Siaya Senator James Orengo has exuded confidence that the appeal against the High Court ruling on BBI Bill will be successful.

He asked Kenyans to prepare for referendum opining that next week, the country will be going into a very critical time in its political history.

“We have a strong case that will help to overturn the High Court ruling,” he said during the burial of former South East Alego Ward MCA Joshua Owiti Osuri in Alego/Usonga constituency on Saturday.

He noted that they will immediately embark on campaigns for constitutional changes after they are through with the judicial process.

Senator Orengo impressed on Kenyans not to surrender the country’s leadership to unscrupulous individuals who according to him “will bring dishonor to the institution of the presidency once the new constitution is put in place.”

Orengo was flanked by ODM party’s General Secretary Edwin Sifuna who said the party will not abdicate its responsibility of fighting for democracy and the rights of Kenyans.

Sifuna, who accused a section of senior government officials of using the police to frustrate ODM leaders during the just concluded Bonchari by elections, said such officials must step aside from their public offices and join politics.

He called on President Uhuru Kenyatta to crack the whip on any of his government officials who are enemies of the ‘handshake’.

On May 14, the High Court declared the BBI-driven Constitution of Kenya Amendment Bill 2020 unconstitutional.

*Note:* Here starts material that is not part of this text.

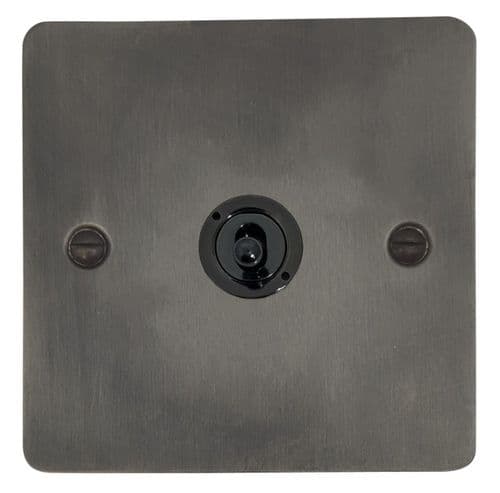 G&H FSL381-FBK Flat Plate Slate 1 Gang 2 Way Toggle Light Switch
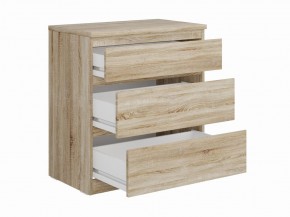 Комод КАСТОР с тремя ящиками, цвет Дуб Сонома в Троицке - troick.mebel24.online | фото 2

The case arose from eight petitions that had been lodged at the High Court and cited 17 issues.

Some of the pleadings of the petitioners included whether BBI satisfied the constitutional interpretation of a popular initiative, whether the referendum will have one question or multiple questions, and who has the mandate of creating constituencies among others.

The five-judge bench of Justices Joel Ngugi, George Odunga, Jairus Ngaah, Teresia Matheka and Chacha Mwita ruled that an amendment can only be initiated by a Parliamentary or popular initiative, not the President.

The judges also faulted the president for failing to actualise the constitutional requirement on public participation.

They accused him of coming short of violating a law he vowed to defend when he took his oath of office as the fourth President of the Republic of Kenya.

The court also found that the Independent Electoral and Boundaries Commission (IEBC) had the sole role of determining boundaries and that the BBI proposal for the creation of 70 new constituencies was against the law and went against the principle of public participation.

Subsequently, the court barred the IEBC from going ahead with holding a referendum on the BBI Bill.
“It is our finding that popular initiative is power reserved for ‘Wanjiku’ neither the president or any other state organ can utilise Article 257 to amend the Constitution,” ruled the judges..

“Kenyans intended that the essence of constitutional order they were bequeathing themselves in 2010 would only be changed in exercise of primary constituent power that is through civic education, public participation, constitutional assembly plus a referendum and not through secondary constituent power which is through public participation and referendum only.”